El monte y el río
Vista desde el cielo, la Sierra de Cádiz es un frondoso joyero -repujado en tierra fértil y agua mansa- en el que se engarzan veinte perlas encaladas: Pueblos Blancos que despuntan en la gama de ocres, amarillos y verdes que colorea el paisaje.
En este tapiz de tonalidades y texturas, el monte respira con fuerza alimentando a su prolija fauna, despabilando el verdor de los frutos bravíos y avivando el zumbido de las abejas que liban en su bouquet de aromáticas.

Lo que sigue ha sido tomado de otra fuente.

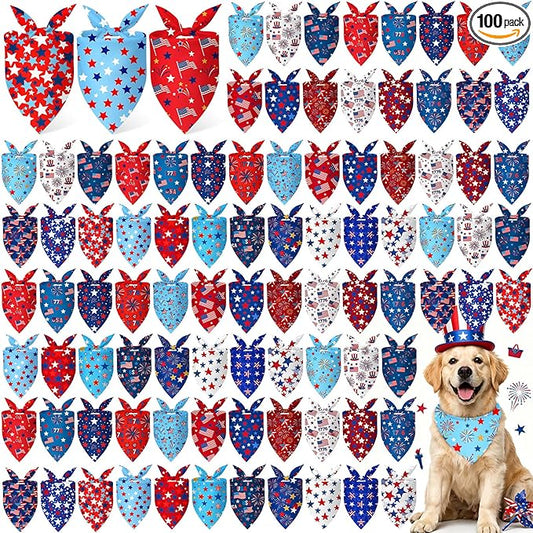 Abbylike 100 Pcs Patriotic Dog Bandanas Bulk 4th of July Bandanas for Dogs Star Triangle Kerchief Bib Scarf Set for Pet Independence Day 250th Anniversary Party Costume, 25 Styles(25.6 x 17.7 x 17.7)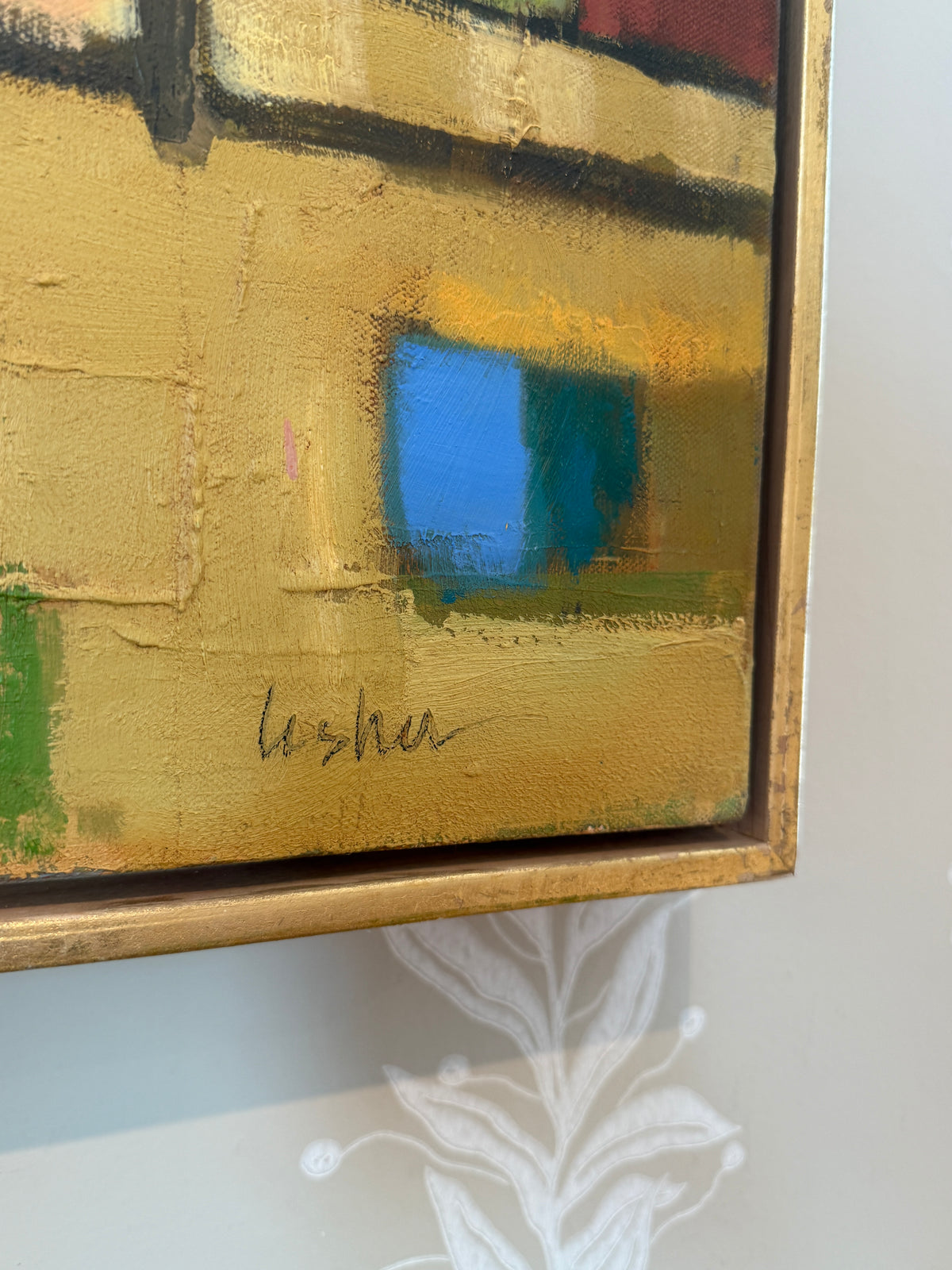 Carol Lesher Shelter Landscape Oil Painting in Natural Wood Floater Frame with Gold Facing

Por los corredores de la sierra, las aguas del Guadalete discurren encastradas en la riqueza forestal que perfila su contorno y se ramifica en afluentes para repartir sus bondades por la comarca.
Las riberas y arboledas son cunetas de historias que moran silenciosas en los álbumes antiguos: fotografías desvaídas que retratan escenas costumbristas de nuestra infancia y que, en un instante, nos transportan al pasado, a las vereítas de caracoles, al sabor chispeante de los vinagritos y a los baños en el río para aliviar la calima estival; un pasado que se refugia a la sombra de un árbol donde las cuerdas secas de una bamba se abrazan a sus ramas para columpiar la risa de los niños; un vaivén de recuerdos que, en Arcos, se aflamenca con el cante galante de una bambera.
Monte generoso y río cambiante, corriente de espejismos de un pasado que hoy recolectamos en estas páginas para conservarlos en nuestra Despensa de Recuerdos, testimonios vivos que, de un lado, ponen de manifiesto el ingenio y la picaresca que derrocharon nuestros mayores para acallar el rugir de las tripas y, de otro, el abanico de recursos que el monte y el río aportaron a su sustento.